Activity:
Your job with the data below: print everything from the line that holds "rod tightened, structure" down to the line that holds "Close-up of a", ends included, exactly, and nothing else.

Provided information:
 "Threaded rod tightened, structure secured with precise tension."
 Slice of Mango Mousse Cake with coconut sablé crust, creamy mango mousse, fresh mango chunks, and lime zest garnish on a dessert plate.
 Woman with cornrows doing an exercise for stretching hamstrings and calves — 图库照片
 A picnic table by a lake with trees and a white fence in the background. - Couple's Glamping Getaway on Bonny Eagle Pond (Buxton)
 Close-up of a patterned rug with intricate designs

...

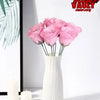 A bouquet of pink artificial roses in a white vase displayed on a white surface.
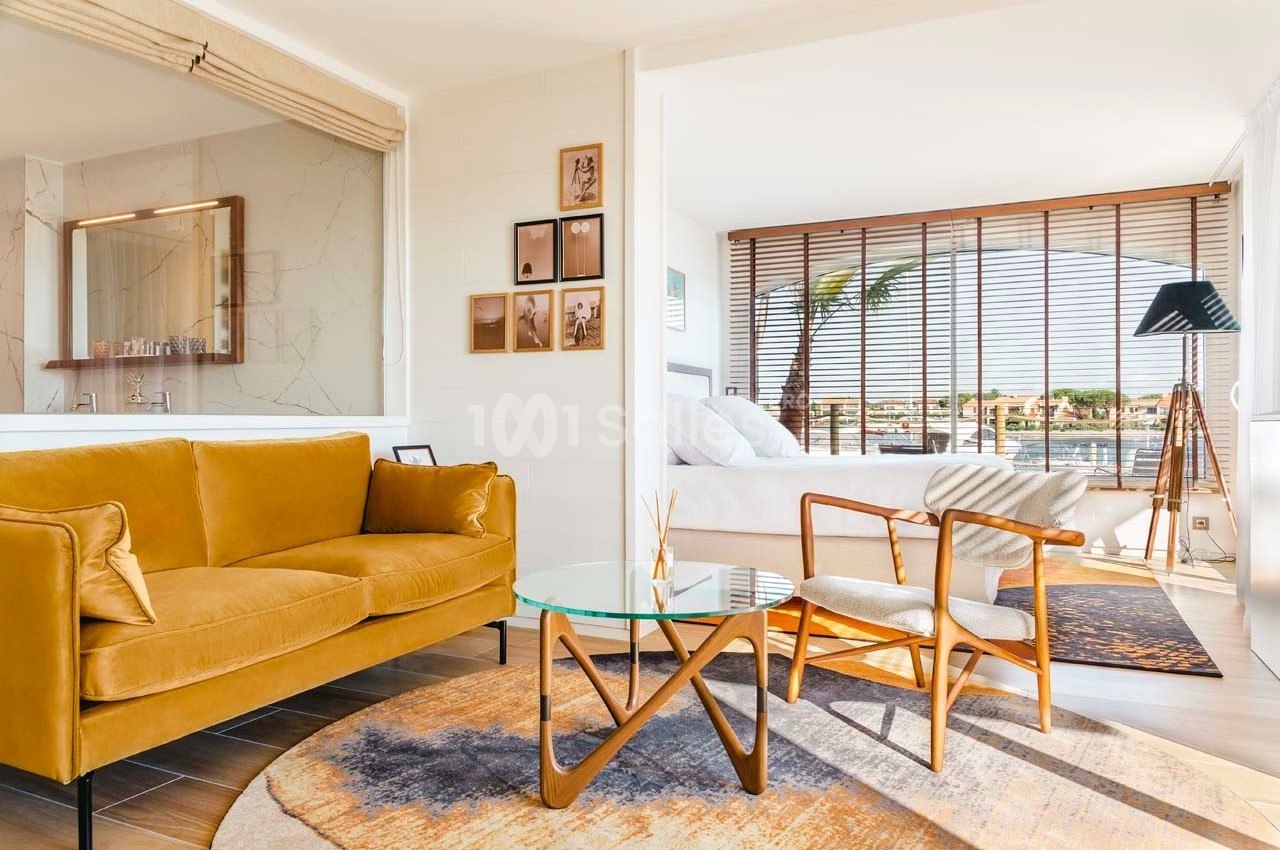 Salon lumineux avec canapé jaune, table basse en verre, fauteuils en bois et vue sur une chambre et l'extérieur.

Written answer:
 "Threaded rod tightened, structure secured with precise tension."
 Slice of Mango Mousse Cake with coconut sablé crust, creamy mango mousse, fresh mango chunks, and lime zest garnish on a dessert plate.
 Woman with cornrows doing an exercise for stretching hamstrings and calves — 图库照片
 A picnic table by a lake with trees and a white fence in the background. - Couple's Glamping Getaway on Bonny Eagle Pond (Buxton)
 Close-up of a patterned rug with intricate designs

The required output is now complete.